D.Retroactivity of Statutes2

“Statutes are intended to apply prospectively absent clear legislative intent to the contrary.” McLain v Roman Catholic Diocese of Lansing, ___ Mich ___, ___ (2024). “In determining whether a statute should be applied retroactively or prospectively only, the primary and overriding rule is that legislative intent governs.” Id. at ___ (cleaned up).“All other rules of construction and operation are subservient to this principle.” Buhl v Oak Park, 507 Mich 236, 244 (2021) (quotation marks and citation omitted). “Whether a statute applies retroactively presents a question of statutory construction[.]” People v Conyer, 281 Mich App 526, 528 (2008). “A statute is presumed to operate prospectively ‘unless the Legislature has expressly or impliedly indicated its intention to give it retrospective effect.’” Id. at 529, quoting People v Russo, 439 Mich 584, 594 (1992).

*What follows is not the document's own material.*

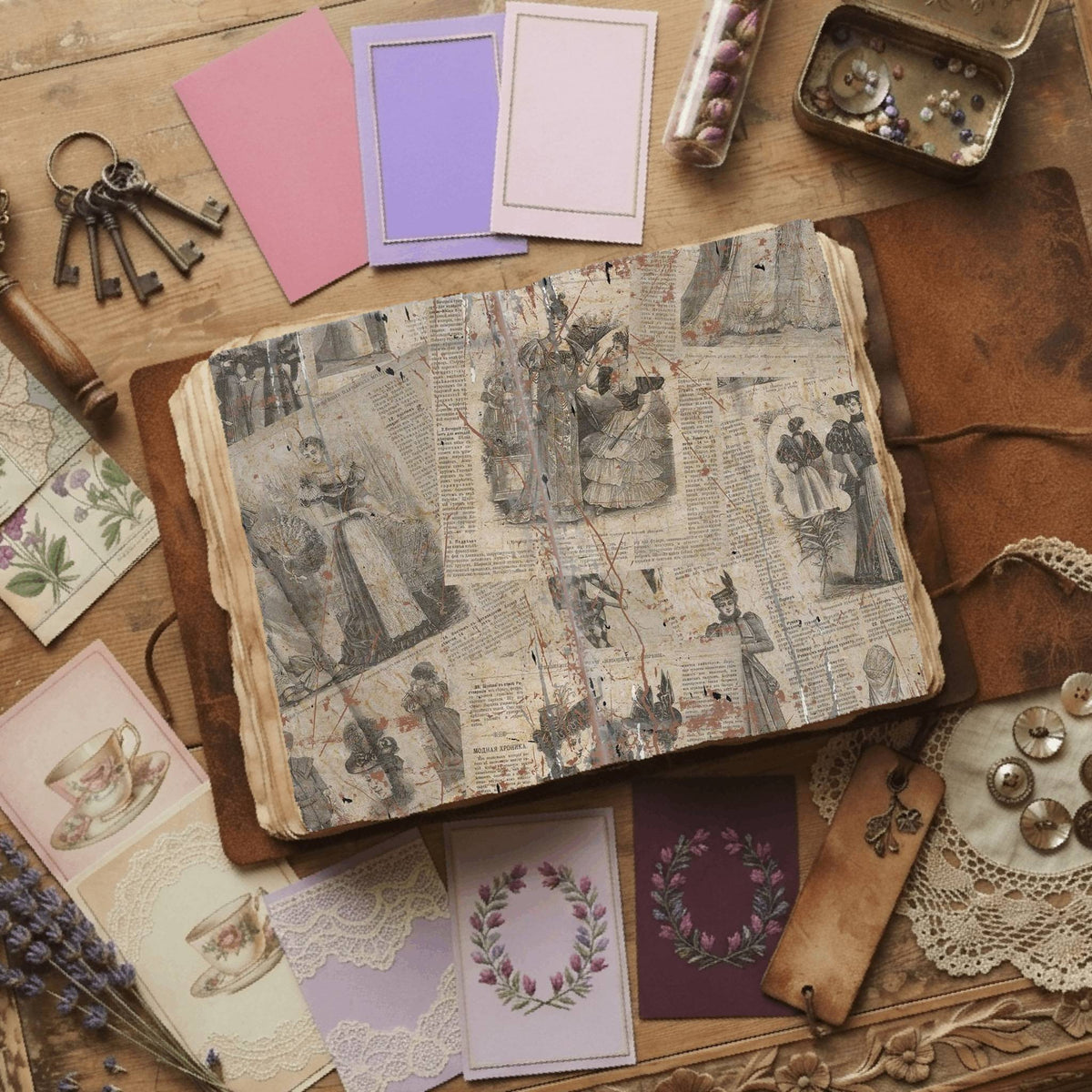 Steampunk Digital Papers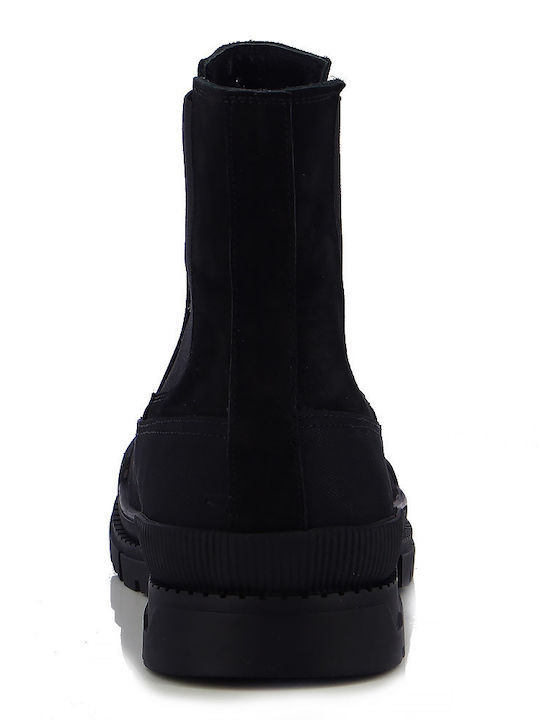 Leather Men's Boots Black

“Amendments of statutes are generally presumed to operate prospectively unless the Legislature clearly manifests a contrary intent.” Conyer, 281 Mich App at 529 (cleaned up). “However, an exception to this general rule is recognized if a statute is remedial or procedural in nature.” Id. “A statute is remedial if it is designed to correct an existing oversight in the law or redress an existing grievance, or if it operates in furtherance of an existing remedy and neither creates nor destroys existing rights.” Id. “A statute that affects or creates substantive rights is not remedial, and is not given retroactive effect, absent clear indication of legislative intent otherwise.” Id. “[A] statute or amendment may not be applied retroactively if doing so would take away or impair vested rights acquired under existing laws, or create a new obligation and impose a new duty, or attach a new disability with respect to transactions or considerations already past. Buhl, 507 Mich at 246 (cleaned up). “Conversely, then, a newly enacted statue or amendment should not be retroactively applied if doing so would relieve a party of a substantive duty.” Id. at 247.

When conducting an inquiry into the Legislature’s intent, courts should consider the following framework:

“‘First, . . . consider whether there is specific language providing for retroactive application. Second, in some situations, a statute is not regarded as operating retroactively merely because it relates to an antecedent event. Third, in determining retroactivity, . . . keep in mind that retroactive laws impair vested rights acquired under existing laws or create new obligations or duties with respect to transactions or considerations already past. Finally, a remedial or procedural act not affecting vested rights may be given retroactive effect where the injury or claim is antecedent to the enactment of the statute.’” Buhl, 507 Mich at 244, quoting LaFontaine Saline, Inc v Chrysler Group, LLC, 496 Mich 26, 38-39 (2014).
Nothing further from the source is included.